The rise in free cortisol measured in saliva from the time of awakening and to the peak value or through the first hour after awakening has been termed the cortisol awakening response (CAR). The CAR has been found useful as a measure of reactivity of the hypothalamic-pituitary-adrenal (HPA) axis as described by Pruessner et al. [3] and Wilhelm et al. [4].
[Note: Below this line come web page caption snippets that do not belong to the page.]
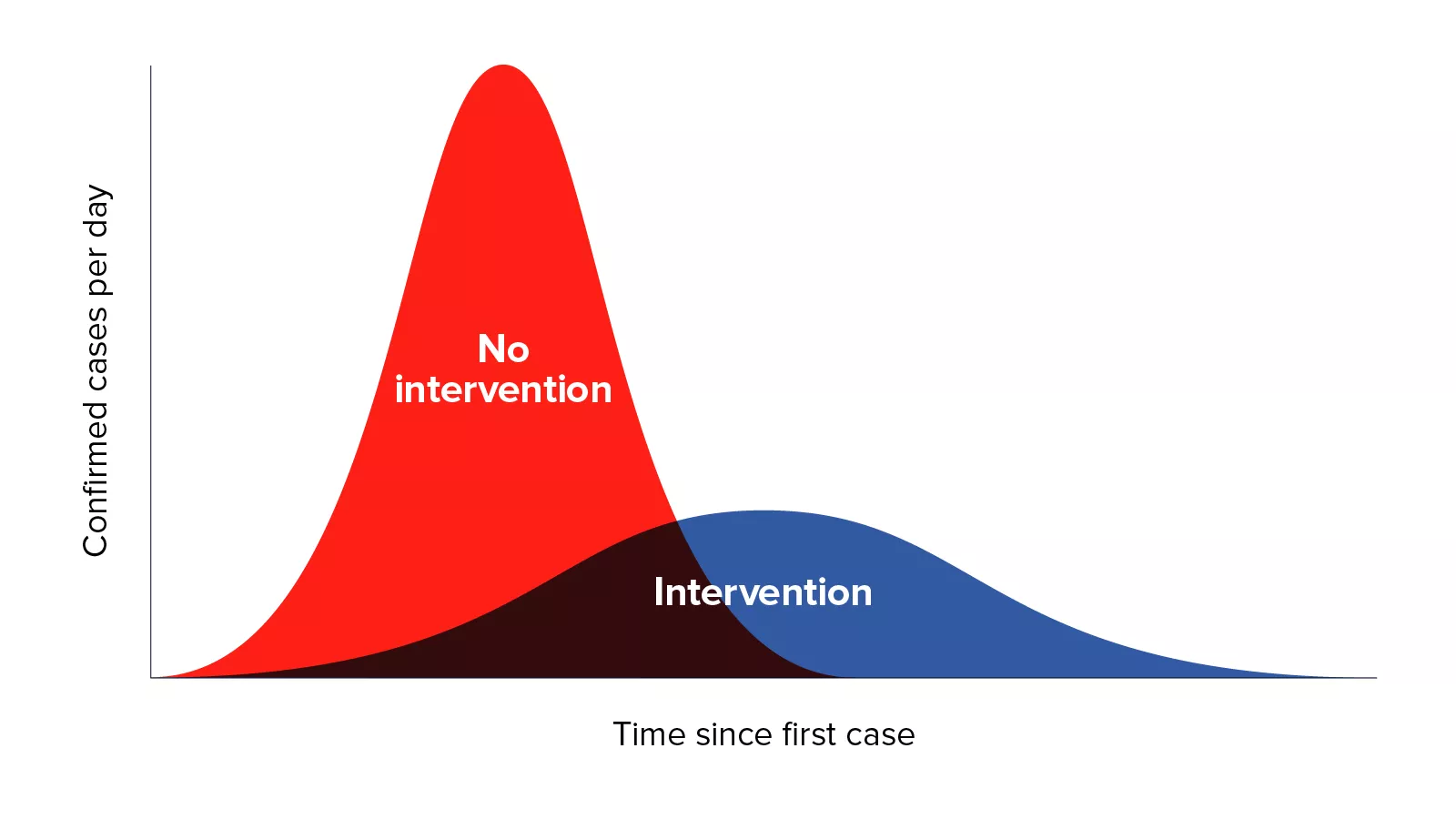 /static/Z9qYP/coronavirus-curve-chart-2.png?d=86146a2d7&m=Z9qYP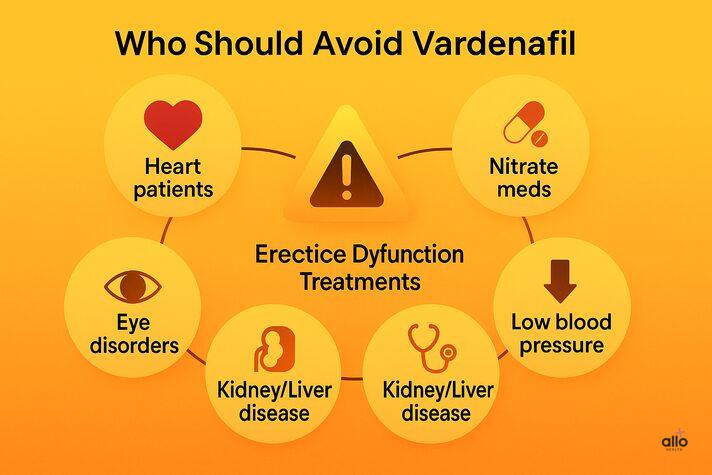 Vardenafil avoid karne wale log – heart patients, nitrate meds, low BP, kidney/liver disease, eye disorders.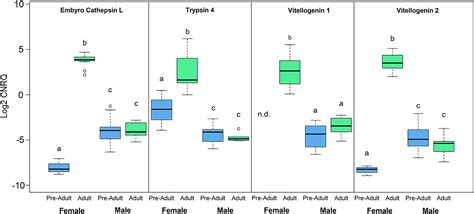Sex Biased Gene Expression And Evolution Of Candidate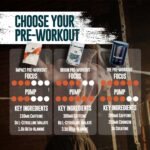 Myprotein Origin Alpha Pre‑Workout – Strawberry Laces – 30 Servings of Pre‑Workout Powder – 300 mg Caffeine, 8 g Citrulline Malate & 3.5 g Beta‑Alanine – Energy, Focus & Performance Boost - Image 6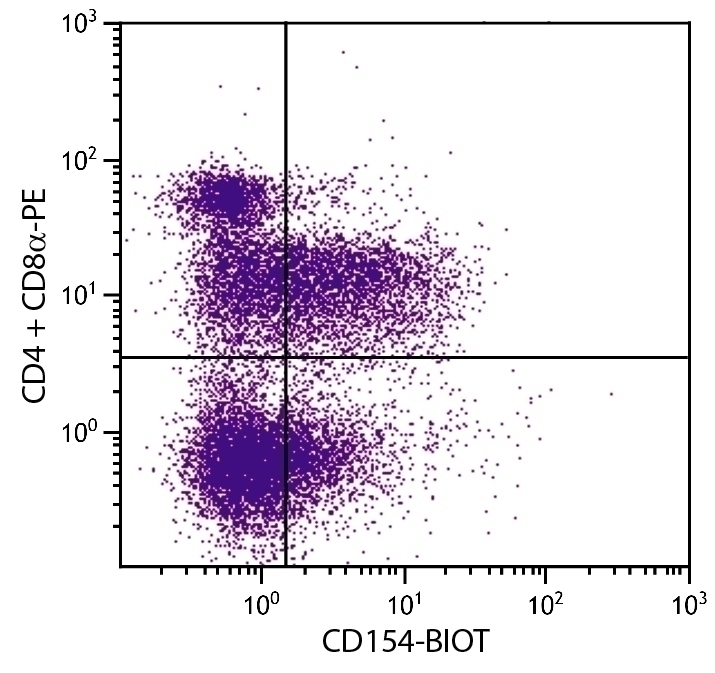 CD154 Antibody [MR1] (Biotin)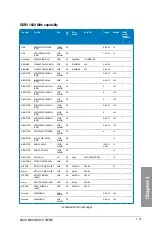 Preview for 33 page of Asus MAXIMUS VI GENE User Manual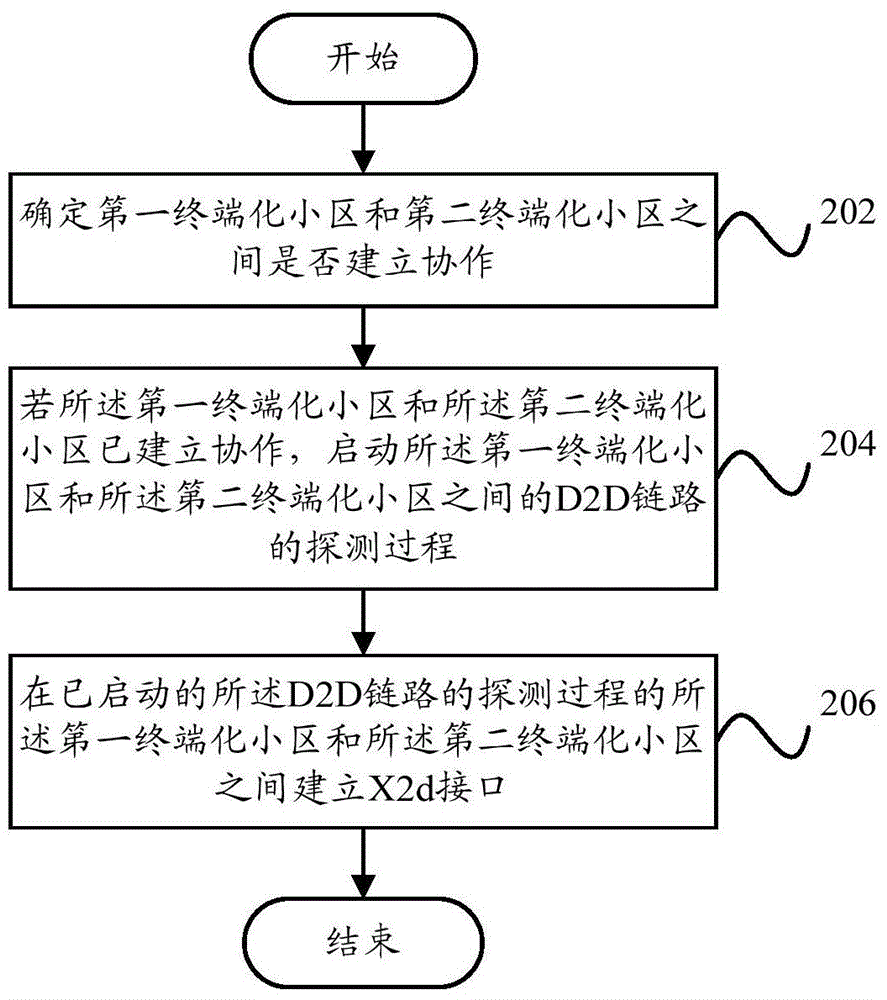 Cooperation method and system among terminal cells and terminal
In their literature review of saliva cortisol studies, M. Kristenson et al. [5] address both the great interest in using saliva cortisol measurement in research on health, disease, work stress, and social differences and also the frustrations in opposing and ambiguous results.

Several studies have addressed the effect of work related stressors on the CAR. Experienced chronic stress, self-perceived work overload, depressive symptoms, and worrying were associated with higher CAR in studies by Pruessner et al. [6] and Schlotz et al. [7]. Morning cortisol has been related to recovery from work in a study by Gustafsson et al. [8], and Harris et al. [9] found CAR related to reestablishing of normal diurnal rhythm after shift work.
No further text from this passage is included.